Table of Contents

Class MeanAbsoluteErrorLoss<T>

Namespace
AiDotNet.LossFunctions
Assembly
AiDotNet.dll

Implements the Mean Absolute Error (MAE) loss function.

public class MeanAbsoluteErrorLoss<T> : LossFunctionBase<T>, ILossFunction<T>

Type Parameters

T

The numeric type used for calculations (e.g., float, double).

Inheritance
MeanAbsoluteErrorLoss<T>
Implements
Inherited Members
Extension Methods

Remarks

For Beginners: Mean Absolute Error measures the average absolute difference between predicted and actual values.

The formula is: MAE = (1/n) * ?|predicted - actual|

MAE has these key properties:

  • It treats all errors linearly (unlike MSE which squares errors)
  • It's less sensitive to outliers than MSE
  • It's simple to understand as the average magnitude of errors
  • It's always positive, with perfect predictions giving a value of zero

MAE is ideal for problems where:

  • You're predicting continuous values
  • You want all errors to be treated equally (not emphasizing large errors)
  • The prediction errors follow a Laplace distribution
  • Outliers should not have a disproportionate influence on the model

Methods

CalculateDerivative(Vector<T>, Vector<T>)

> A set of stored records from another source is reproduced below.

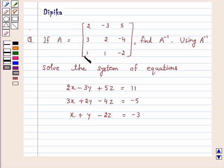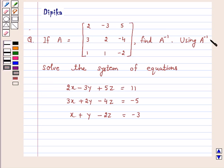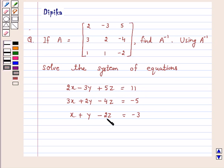If A is equal to the matrix whose elements are 2, minus 3, 5; 3, 2, minus 4; 1, 1, minus 2 — find A inverse. Using A inverse, solve the system of equations: 2x minus 3y plus 5z is equal to 11; 3x plus 2y minus 4z is equal to minus 5; x plus y minus 2z is equal to minus 3.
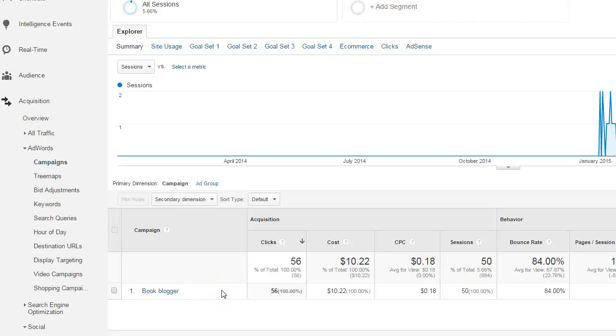Google Analytics will also provide information about people who are coming to your site through a paid campaign. There are a number of ways you can do paid campaigns such as through Facebook or Bing, but we're specifically today going to talk about AdWords campaigns.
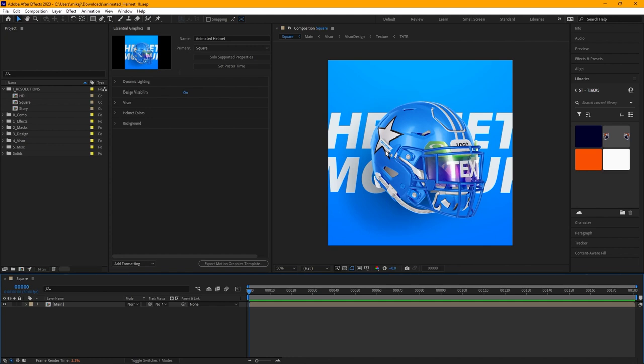You need the Photoshop template in order to place logos and do some other things. A lot of editing can be done directly in After Effects, but some things require the Photoshop template as well. The good news is, even if you've never used After Effects, this is going to be a nice introductory tutorial. We've made it really easy to edit the helmet and get a nice animation out of it.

Calculates the derivative of the Mean Absolute Error loss function.

public override Vector<T> CalculateDerivative(Vector<T> predicted, Vector<T> actual)

Parameters

predicted Vector<T>

The predicted values from the model.

actual Vector<T>

The actual (target) values.

Returns

Vector<T>

A vector containing the derivatives of MAE for each prediction.

Remarks

The derivative of MAE is sign(predicted-actual)/n where:

  • sign(x) = 1 if x > 0
  • sign(x) = -1 if x < 0
  • sign(x) = 0 if x = 0 (subgradient at the kink point)

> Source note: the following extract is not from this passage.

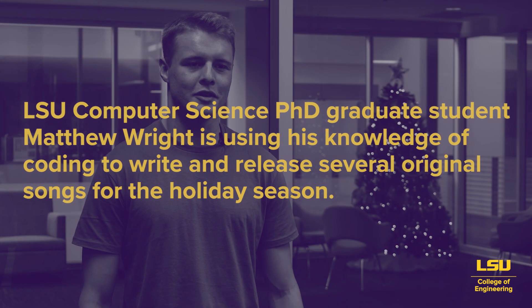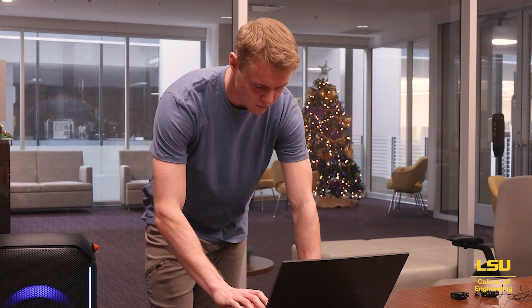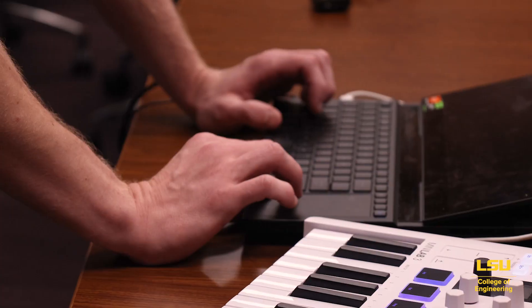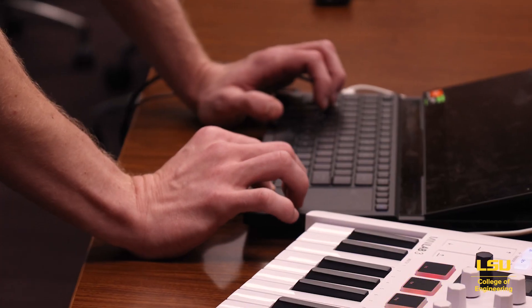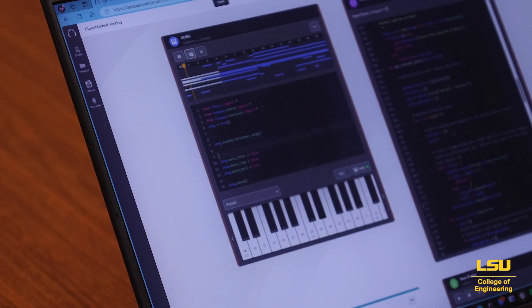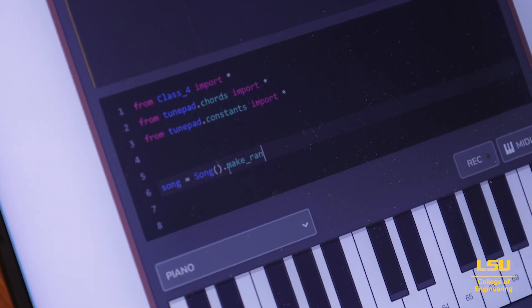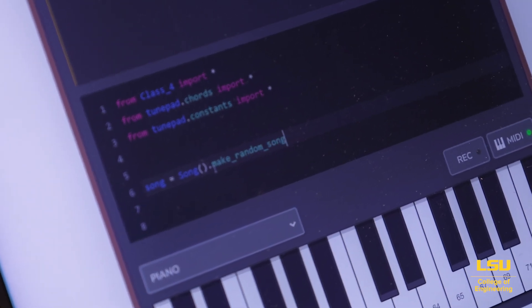I'm focusing on the intersection of modern music production and computer science, using that as a tool to teach advanced computer science concepts to middle school and perhaps high school age students. Right now I have a program that can create random chords and random melodies. You can set variables, you can set constants, you can have for loops in these different functions.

CalculateLoss(Vector<T>, Vector<T>)

Calculates the Mean Absolute Error between predicted and actual values.

public override T CalculateLoss(Vector<T> predicted, Vector<T> actual)

Parameters

predicted Vector<T>

The predicted values from the model.

actual Vector<T>

The actual (target) values.

Returns

T

The mean absolute error value.

CalculateLossAndGradientGpu(IGpuTensor<T>, IGpuTensor<T>)

Calculates both MAE loss and gradient on GPU in a single efficient pass.

public override (T Loss, IGpuTensor<T> Gradient) CalculateLossAndGradientGpu(IGpuTensor<T> predicted, IGpuTensor<T> actual)

Parameters

predicted IGpuTensor<T>

The predicted GPU tensor from the model.

actual IGpuTensor<T>

The actual (target) GPU tensor.

Returns

(T Loss, IGpuTensor<T> Gradient)

A tuple containing the loss value and gradient tensor.